Il secondo album è una risposta sensazionale alle critiche ricevute: si scosta leggermente dal fenomeno Acid Jazz del solare e colorato Emergency on Planet Earth per far rotta verso un’atmosfera quasi cupa, ma carica di rabbia e di poderoso Funk. Il primo singolo estratto è la già citata Space Cowboy che riscuote un fragoroso successo, anche grazie al fortunatissimo remix di David Morales che fa ballare mezzo mondo.
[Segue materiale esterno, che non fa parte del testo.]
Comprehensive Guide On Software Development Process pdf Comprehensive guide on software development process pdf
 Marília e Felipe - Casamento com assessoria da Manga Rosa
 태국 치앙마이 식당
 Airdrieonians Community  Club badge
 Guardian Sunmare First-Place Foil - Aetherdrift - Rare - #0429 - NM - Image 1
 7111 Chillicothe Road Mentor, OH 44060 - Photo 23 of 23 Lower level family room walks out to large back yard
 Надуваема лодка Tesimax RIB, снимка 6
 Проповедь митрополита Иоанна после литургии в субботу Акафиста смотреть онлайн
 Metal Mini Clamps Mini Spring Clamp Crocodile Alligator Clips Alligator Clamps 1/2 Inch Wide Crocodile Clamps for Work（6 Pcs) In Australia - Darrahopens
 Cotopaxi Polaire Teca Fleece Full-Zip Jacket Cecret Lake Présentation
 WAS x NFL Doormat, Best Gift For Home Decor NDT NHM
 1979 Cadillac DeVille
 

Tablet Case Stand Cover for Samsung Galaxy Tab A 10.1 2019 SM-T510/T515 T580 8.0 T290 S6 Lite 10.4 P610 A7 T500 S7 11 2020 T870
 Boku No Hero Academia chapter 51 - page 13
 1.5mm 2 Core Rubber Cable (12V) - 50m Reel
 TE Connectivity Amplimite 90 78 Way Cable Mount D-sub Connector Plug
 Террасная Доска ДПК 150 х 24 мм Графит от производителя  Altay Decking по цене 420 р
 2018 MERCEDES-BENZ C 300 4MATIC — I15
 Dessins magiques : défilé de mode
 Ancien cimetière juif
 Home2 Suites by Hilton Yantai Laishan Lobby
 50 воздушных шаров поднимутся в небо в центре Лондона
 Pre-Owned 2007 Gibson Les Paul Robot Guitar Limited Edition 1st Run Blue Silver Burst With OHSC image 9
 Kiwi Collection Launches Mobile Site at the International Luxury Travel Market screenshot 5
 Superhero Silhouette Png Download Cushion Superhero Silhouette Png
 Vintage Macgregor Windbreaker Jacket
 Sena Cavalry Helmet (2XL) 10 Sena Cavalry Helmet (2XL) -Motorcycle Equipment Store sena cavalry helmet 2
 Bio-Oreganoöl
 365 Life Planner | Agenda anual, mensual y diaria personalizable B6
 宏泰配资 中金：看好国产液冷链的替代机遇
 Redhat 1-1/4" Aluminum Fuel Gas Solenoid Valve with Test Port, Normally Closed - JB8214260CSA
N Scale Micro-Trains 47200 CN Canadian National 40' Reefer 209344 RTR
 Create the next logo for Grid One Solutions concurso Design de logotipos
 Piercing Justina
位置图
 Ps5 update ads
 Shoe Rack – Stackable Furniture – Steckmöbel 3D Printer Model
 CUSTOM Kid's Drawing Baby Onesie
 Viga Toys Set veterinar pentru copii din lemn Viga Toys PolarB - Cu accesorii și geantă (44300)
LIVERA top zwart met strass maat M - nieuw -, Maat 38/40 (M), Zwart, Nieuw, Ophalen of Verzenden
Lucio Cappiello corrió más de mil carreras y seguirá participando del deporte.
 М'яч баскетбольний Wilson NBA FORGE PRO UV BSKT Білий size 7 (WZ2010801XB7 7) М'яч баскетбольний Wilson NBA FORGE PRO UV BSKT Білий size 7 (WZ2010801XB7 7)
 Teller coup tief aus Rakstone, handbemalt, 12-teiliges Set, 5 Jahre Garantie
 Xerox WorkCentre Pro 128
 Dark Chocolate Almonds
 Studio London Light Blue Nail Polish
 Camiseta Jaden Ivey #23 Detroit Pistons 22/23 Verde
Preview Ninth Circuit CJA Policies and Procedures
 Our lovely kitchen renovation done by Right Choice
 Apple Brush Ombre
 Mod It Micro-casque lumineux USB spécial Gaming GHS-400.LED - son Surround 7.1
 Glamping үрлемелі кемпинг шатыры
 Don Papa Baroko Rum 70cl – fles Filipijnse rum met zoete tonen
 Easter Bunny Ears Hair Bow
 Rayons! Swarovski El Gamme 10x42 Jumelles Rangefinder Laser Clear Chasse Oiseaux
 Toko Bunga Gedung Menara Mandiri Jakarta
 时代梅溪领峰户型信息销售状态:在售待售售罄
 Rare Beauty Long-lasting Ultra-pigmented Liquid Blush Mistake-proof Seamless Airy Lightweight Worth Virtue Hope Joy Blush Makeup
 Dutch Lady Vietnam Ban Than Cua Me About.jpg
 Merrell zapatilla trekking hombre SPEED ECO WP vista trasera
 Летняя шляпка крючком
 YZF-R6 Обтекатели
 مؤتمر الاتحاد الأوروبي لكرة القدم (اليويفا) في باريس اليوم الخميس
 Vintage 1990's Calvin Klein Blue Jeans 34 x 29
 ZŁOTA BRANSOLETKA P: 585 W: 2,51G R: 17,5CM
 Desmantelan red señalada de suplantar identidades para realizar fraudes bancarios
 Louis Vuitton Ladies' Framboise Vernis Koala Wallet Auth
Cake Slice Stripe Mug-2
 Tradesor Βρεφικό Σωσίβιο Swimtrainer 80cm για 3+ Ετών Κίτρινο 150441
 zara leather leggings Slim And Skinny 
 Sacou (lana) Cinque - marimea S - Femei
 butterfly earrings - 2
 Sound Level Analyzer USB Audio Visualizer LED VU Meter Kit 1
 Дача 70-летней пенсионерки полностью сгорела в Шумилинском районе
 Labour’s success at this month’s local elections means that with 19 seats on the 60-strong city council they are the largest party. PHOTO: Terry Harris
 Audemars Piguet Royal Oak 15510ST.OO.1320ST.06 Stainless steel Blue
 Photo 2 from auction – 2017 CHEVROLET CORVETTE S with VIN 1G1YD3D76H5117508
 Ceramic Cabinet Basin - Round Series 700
Già dalle prime canzoni dell’album straripa su tutti il tocco magico del bassista Stuart Zender che danza meravigliosamente con la black voice di Jay Kay. Le note del secondo Jamiroquai sono davvero tante e con tante sfumature: funk a vele spiegate in Just Another Story, Mr Moon,Scam; suoni duri e rocciosi in Light Years e The Kids; colori psichedelici in Morning Glory, Journey To Arnehmland o Manifest Destiny; tonalità più vellutate in Stillness In Time, Half The Man. E’ impossibile cercare di dare una connotazione e di catalogare ogni singolo pezzo ed è forse questa la magia di questo album: un genere indefinito che si trasforma di traccia in traccia, un mix di tanti profumi che rende quest’ album davvero speciale.

Brani e testi:

  1. Just Another Story
  2. Stillness In Time
  3. Half The Man
  4. Light Years
  5. Manifest Destiny
  6. The Kids
  7. Mr Moon
  8. Scam
  9. Journey To Arnhemland
  10. Morning Glory
  11. Space Cowboy

Nota: Journey To Arnhemland è un pezzo strumentale.